S: "But now I'm getting all kinds of strange items from different charities - everyone seems to be doing it."

F: "Well, it's a competitive world. Charity direct mail volumes rose by 11 million in the run-up to Christmas last year, to 132 million packs."

S: "So?"

F: "So it's like The X Factor. If you don't have the best voice, you have to find a gimmick to make yourself stand out. These items are our gimmicks."

S: "But I don't like it. I think it's a guilt trip. I think it's a waste of time, energy and money."

F: "The small percentage who respond to our mailings love these items. They want more. It works."

S: "Really?"

F: "Really. The more we offer, the better the response."

S: "What do the people who don't respond think?"

F: "You can't please all of the people all of the time. It works."

S: "It doesn't seem very green, does it, sending out all that plastic stuff? Aren't you playing into the hands of that government minister who wants a 'war on junk mail'? And what about people who say it should be illegal to put unsolicited marketing material through domestic letter boxes because of the damage done to the environment by creating and disposing of it?"

F: "We aren't a green charity. The bigger our response rates, the more people we can help.
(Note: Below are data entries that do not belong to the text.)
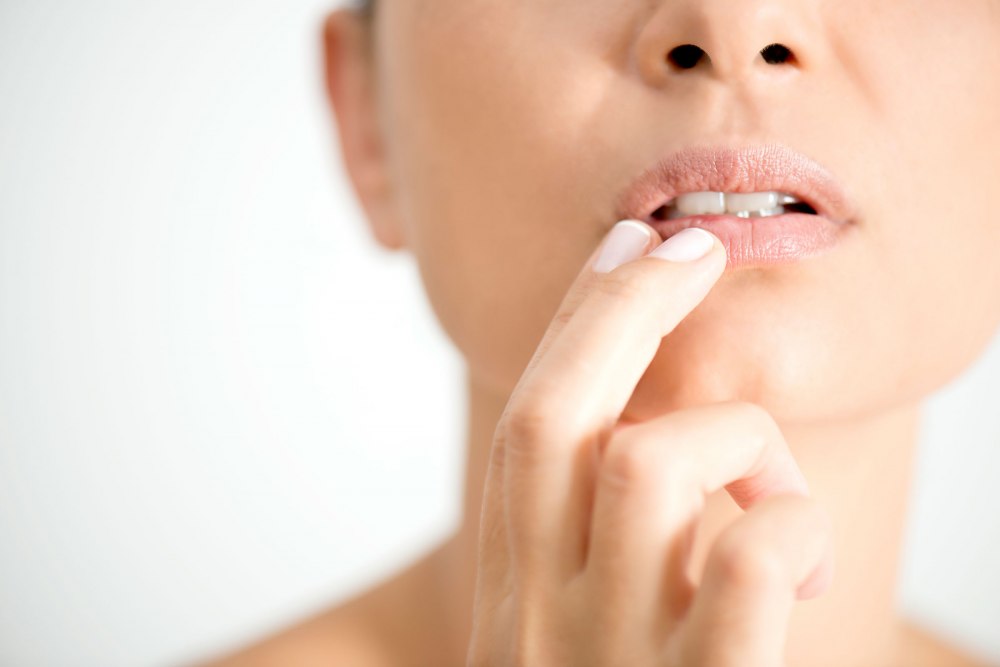 Как лечить простуду на губах йодом thumbnail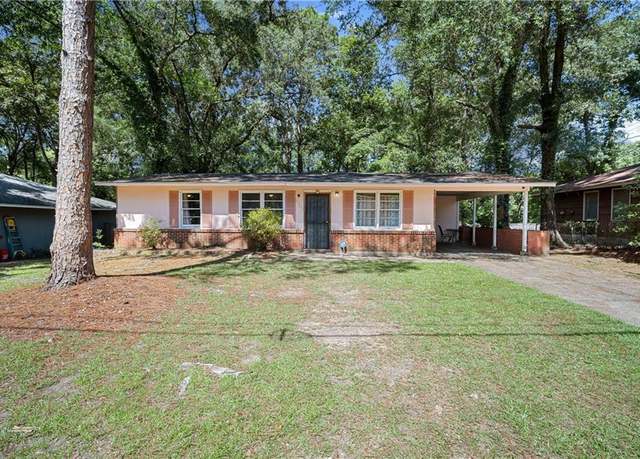 Property at 913 David Langan Dr W, Mobile, AL 36608, 3 beds, 1 bath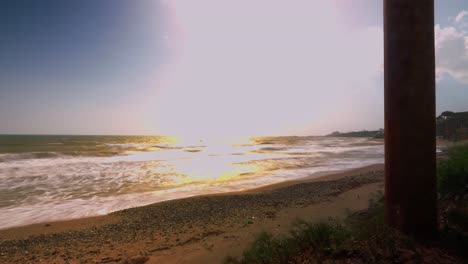 Lapso-De-Tiempo-De-Las-Olas-Del-Océano-Cerca-Del-Muelle-De-Madera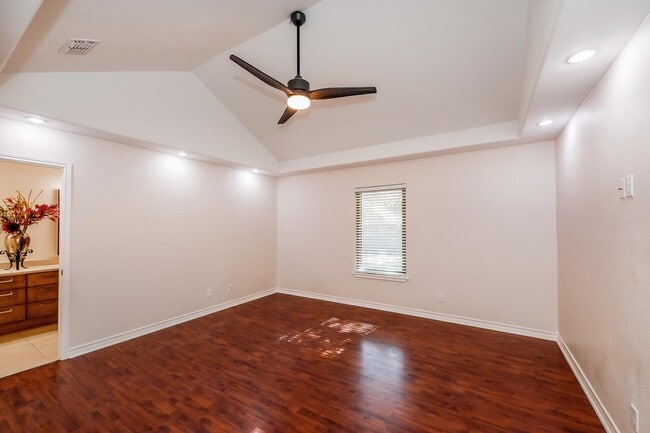 Building Photo - 503 Pine Sisken St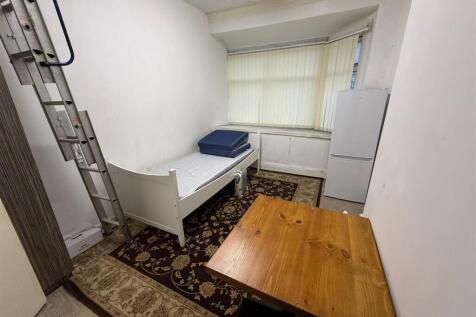 WhatsApp Image 2025-11-28 at 12.16.18 (1).jpeg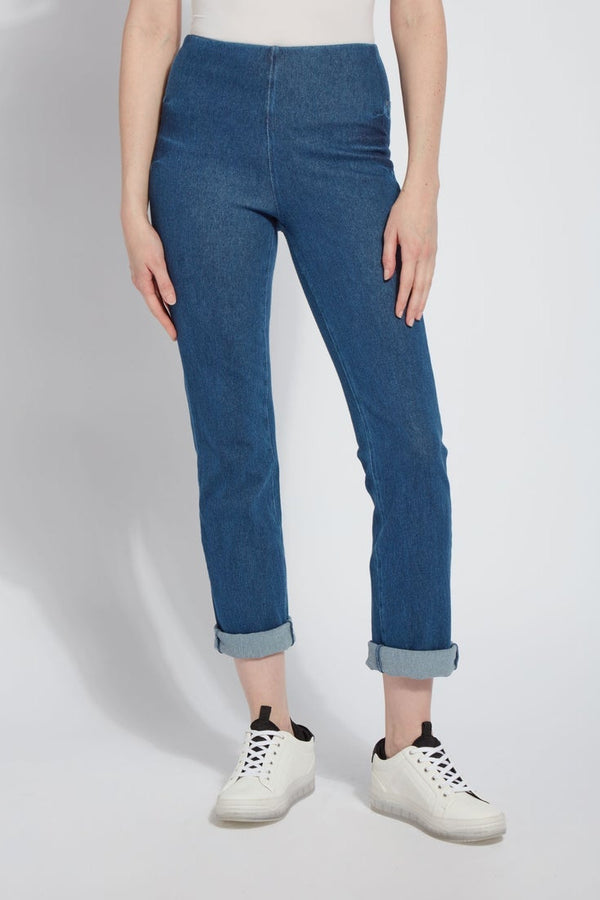 LYSSÉ Boyfriend Denim Jean is a high waisted stretch denim knit jean in the "Boyfriend" style that can be rolled up for a cute look or left down for a long leg.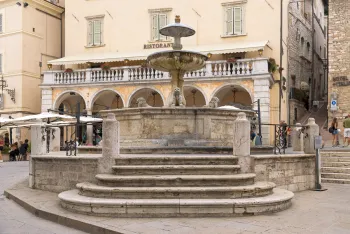 Brunnen der drei Löwen, Südansicht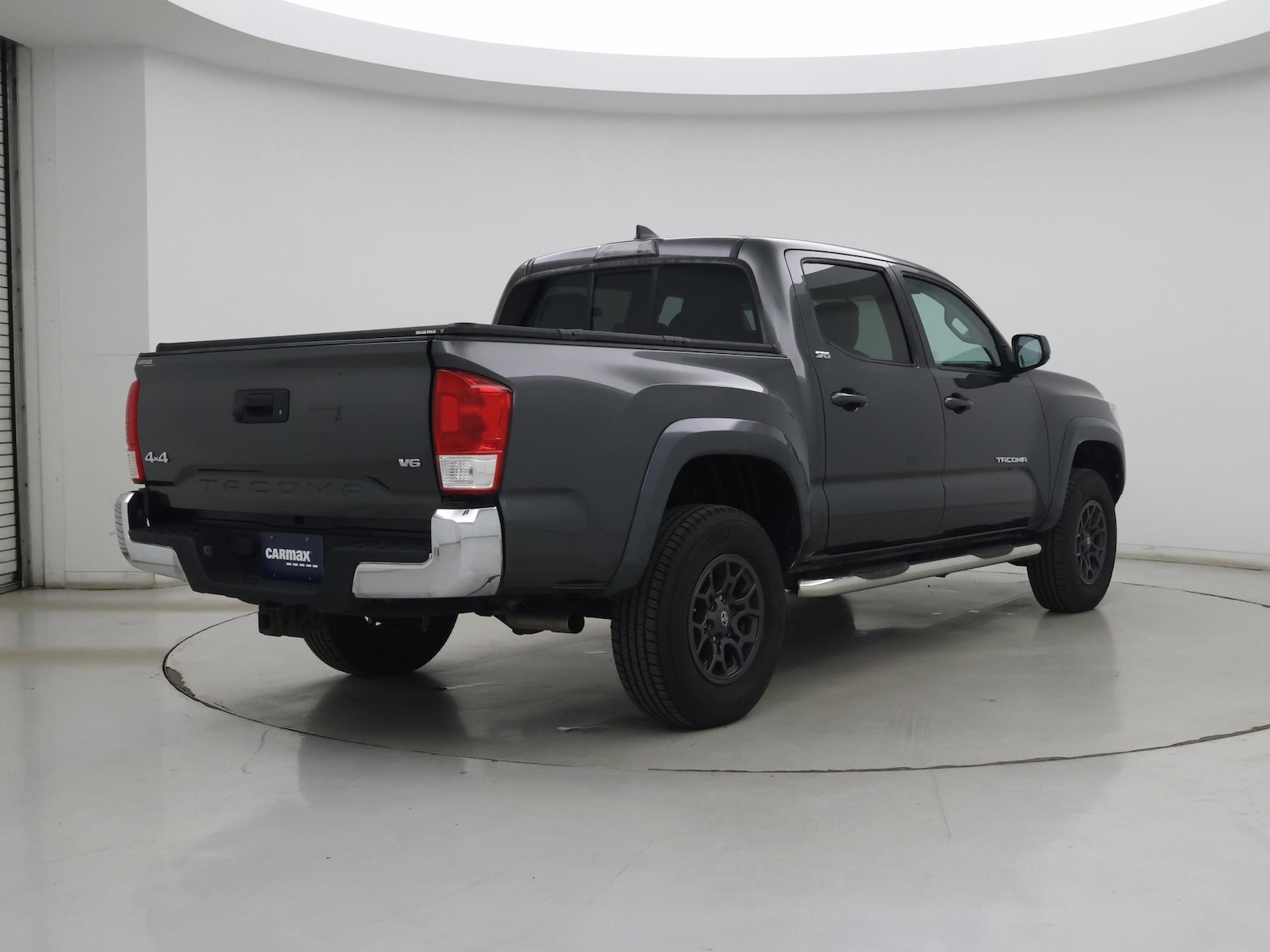 2017 Toyota Tacoma SR5 - Photo 9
It works."

S: "But it doesn't seem right that charities are doing something that irritates many people and might be bad for the environment."

F: "Maybe, but are you saying we should stop using techniques that work well and go back to ones that don't? We would raise less money and have to reduce the number of projects we fund. Tell that to the people we help."

S: "So you are saying that the ends always justify the means?"

F: "I'm not a moral philosopher. I am a fundraiser. Putting promotional incentives in direct mail packs works."

OK, so this is fictional, but the issues are real. If your charity was challenged in this way, would you be able to justify yourself convincingly? One thing's for sure: as a sector, we need to be very clear about our stance on this and get ready to join the inevitable debate.

- David Burrows is head of fundraising at direct marketing agency TDA.

Five more things ...

The Institute of Fundraising is expected to open a 12-week consultation this month on a draft version of its new direct mail code of fundraising practice. The new rules are expected to include guidelines on the inclusion of promotional incentives such as pens and umbrellas in direct mail packs.

The new code will ensure robust standards, according to the institute, which has pledged to make sure the rules "do not stand in the way of innovation".

Member charities will be expected to comply with the new code, as well as the Advertising Standards Authority's British Code of Advertising, Sales Promotion and Direct Marketing (otherwise known as the CAP code) and the Direct Marketing Association's code of practice.

Charities were the third biggest senders of direct mail last year, after banks and mail order companies.

Amnesty UK ditched pen packs from its supporter recruitment campaigns in 2004 after two campaigns lost money. The organisation claimed recipients were starting to see promotional incentives as gimmicks and their inclusion as no longer worthwhile.